[[ Data records, beginning ]]
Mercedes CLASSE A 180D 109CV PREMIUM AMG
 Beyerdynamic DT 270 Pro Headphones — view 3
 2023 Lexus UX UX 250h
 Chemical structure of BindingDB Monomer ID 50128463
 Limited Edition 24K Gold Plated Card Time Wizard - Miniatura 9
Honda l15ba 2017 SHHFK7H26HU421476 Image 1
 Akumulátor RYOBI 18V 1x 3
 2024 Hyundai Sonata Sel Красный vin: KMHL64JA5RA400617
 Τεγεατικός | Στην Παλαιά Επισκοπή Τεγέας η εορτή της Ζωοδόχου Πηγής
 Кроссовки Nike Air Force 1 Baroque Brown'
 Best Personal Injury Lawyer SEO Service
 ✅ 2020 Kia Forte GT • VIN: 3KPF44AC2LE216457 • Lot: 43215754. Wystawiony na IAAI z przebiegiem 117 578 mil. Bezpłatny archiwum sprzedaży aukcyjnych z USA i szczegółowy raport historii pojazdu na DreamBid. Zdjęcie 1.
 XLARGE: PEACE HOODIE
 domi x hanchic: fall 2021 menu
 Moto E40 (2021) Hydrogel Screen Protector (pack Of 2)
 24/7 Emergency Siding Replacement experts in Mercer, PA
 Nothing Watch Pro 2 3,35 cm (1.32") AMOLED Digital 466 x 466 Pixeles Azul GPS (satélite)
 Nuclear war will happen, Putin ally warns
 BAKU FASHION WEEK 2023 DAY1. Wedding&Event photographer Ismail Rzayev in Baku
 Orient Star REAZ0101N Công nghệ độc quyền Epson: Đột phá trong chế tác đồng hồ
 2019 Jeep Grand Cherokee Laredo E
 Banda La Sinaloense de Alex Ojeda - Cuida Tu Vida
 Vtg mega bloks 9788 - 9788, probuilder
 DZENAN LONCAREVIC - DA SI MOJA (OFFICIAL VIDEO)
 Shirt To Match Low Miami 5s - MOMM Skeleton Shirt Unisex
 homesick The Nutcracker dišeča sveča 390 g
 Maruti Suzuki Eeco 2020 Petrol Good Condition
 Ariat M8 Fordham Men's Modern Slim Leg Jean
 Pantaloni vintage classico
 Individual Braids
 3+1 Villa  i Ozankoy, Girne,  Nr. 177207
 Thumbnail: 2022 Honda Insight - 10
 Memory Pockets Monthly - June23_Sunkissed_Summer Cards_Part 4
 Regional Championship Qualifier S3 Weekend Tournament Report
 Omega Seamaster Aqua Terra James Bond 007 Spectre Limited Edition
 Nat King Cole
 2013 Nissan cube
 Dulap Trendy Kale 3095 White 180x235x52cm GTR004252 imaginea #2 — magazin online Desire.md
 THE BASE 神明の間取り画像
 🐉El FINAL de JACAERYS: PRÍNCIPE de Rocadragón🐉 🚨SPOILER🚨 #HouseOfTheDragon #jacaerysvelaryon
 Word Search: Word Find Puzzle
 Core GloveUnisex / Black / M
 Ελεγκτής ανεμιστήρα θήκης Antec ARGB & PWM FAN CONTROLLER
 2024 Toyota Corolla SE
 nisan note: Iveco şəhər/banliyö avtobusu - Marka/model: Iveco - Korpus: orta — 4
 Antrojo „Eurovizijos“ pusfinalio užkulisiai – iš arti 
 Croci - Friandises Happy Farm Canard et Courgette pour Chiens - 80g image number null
[[ Data records, end ]]
[Your instructions] Only the lines above from the line containing "Moto E40 (2021)" through the line containing "2019 Jeep Grand Cherokee Laredo E" should be retyped, exactly and with both ends included.

[Exercise response]
 Moto E40 (2021) Hydrogel Screen Protector (pack Of 2)
 24/7 Emergency Siding Replacement experts in Mercer, PA
 Nothing Watch Pro 2 3,35 cm (1.32") AMOLED Digital 466 x 466 Pixeles Azul GPS (satélite)
 Nuclear war will happen, Putin ally warns
 BAKU FASHION WEEK 2023 DAY1. Wedding&Event photographer Ismail Rzayev in Baku
 Orient Star REAZ0101N Công nghệ độc quyền Epson: Đột phá trong chế tác đồng hồ
 2019 Jeep Grand Cherokee Laredo E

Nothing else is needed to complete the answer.